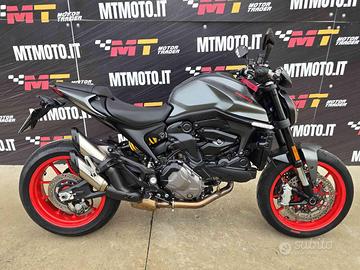 DUCATI Monster 797 Video 360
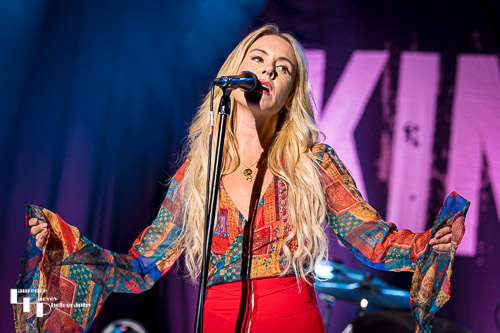 Laura Evans on vocals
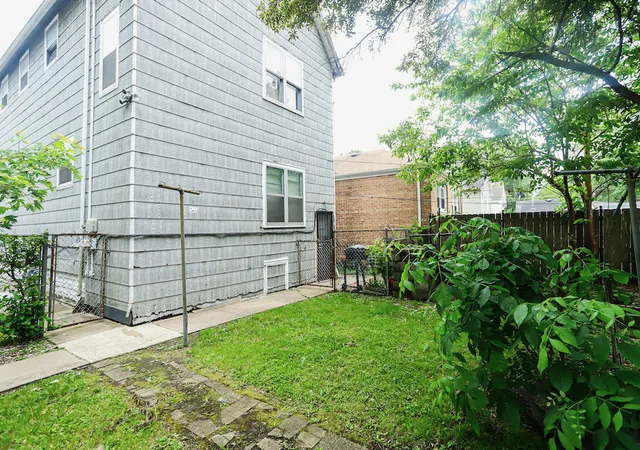 28th image of 12402 S Green St, Calumet Park, IL 60827 | MLS# 12702535
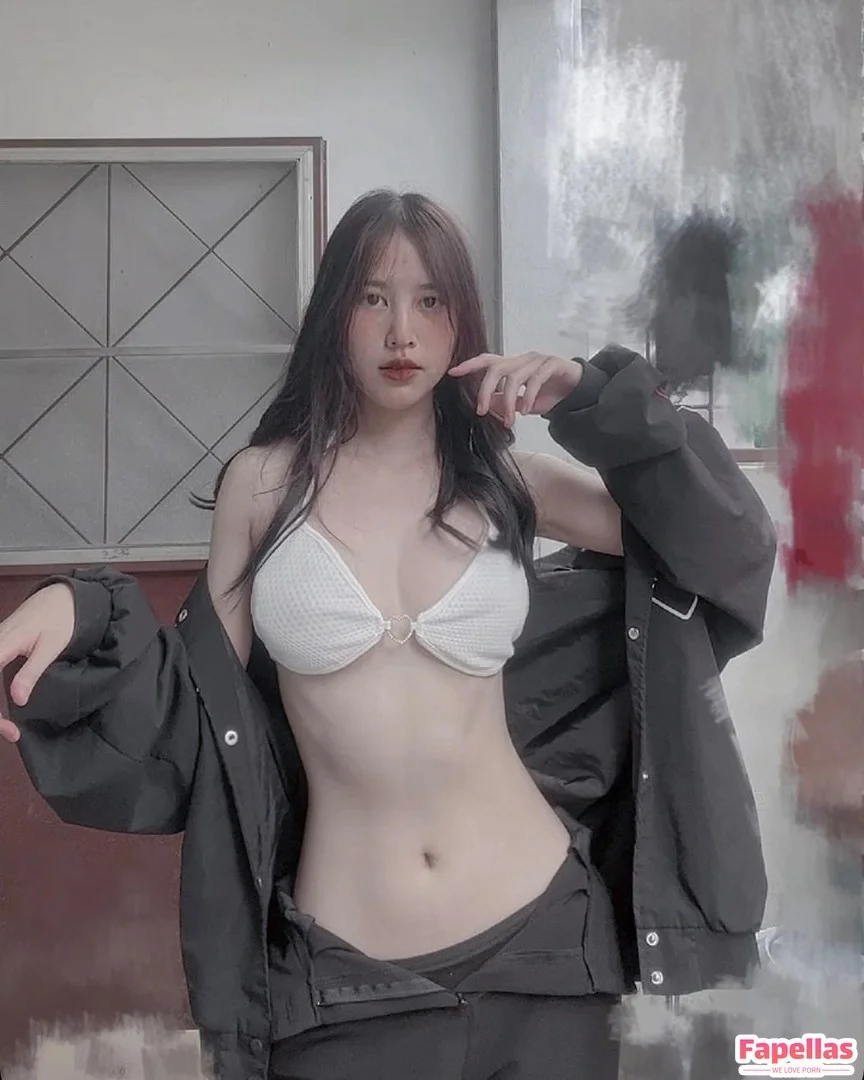 Yunne Chan OnlyFans premium content 2 - yunnechan exclusive collection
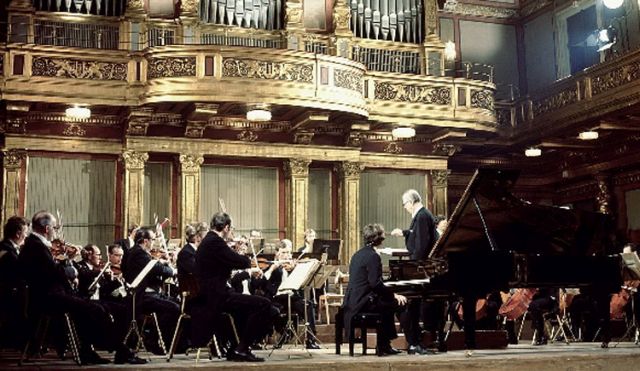 Mozart, Piano Concerto No.19 in F major, K. 459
------------------------
* _How to complete this task_: Reproduce the whole listing verbatim. Pictures stay out of the copy.

* _Solved problem_:
 DUCATI Monster 797 Video 360
 Laura Evans on vocals
 28th image of 12402 S Green St, Calumet Park, IL 60827 | MLS# 12702535
 Yunne Chan OnlyFans premium content 2 - yunnechan exclusive collection
 Mozart, Piano Concerto No.19 in F major, K. 459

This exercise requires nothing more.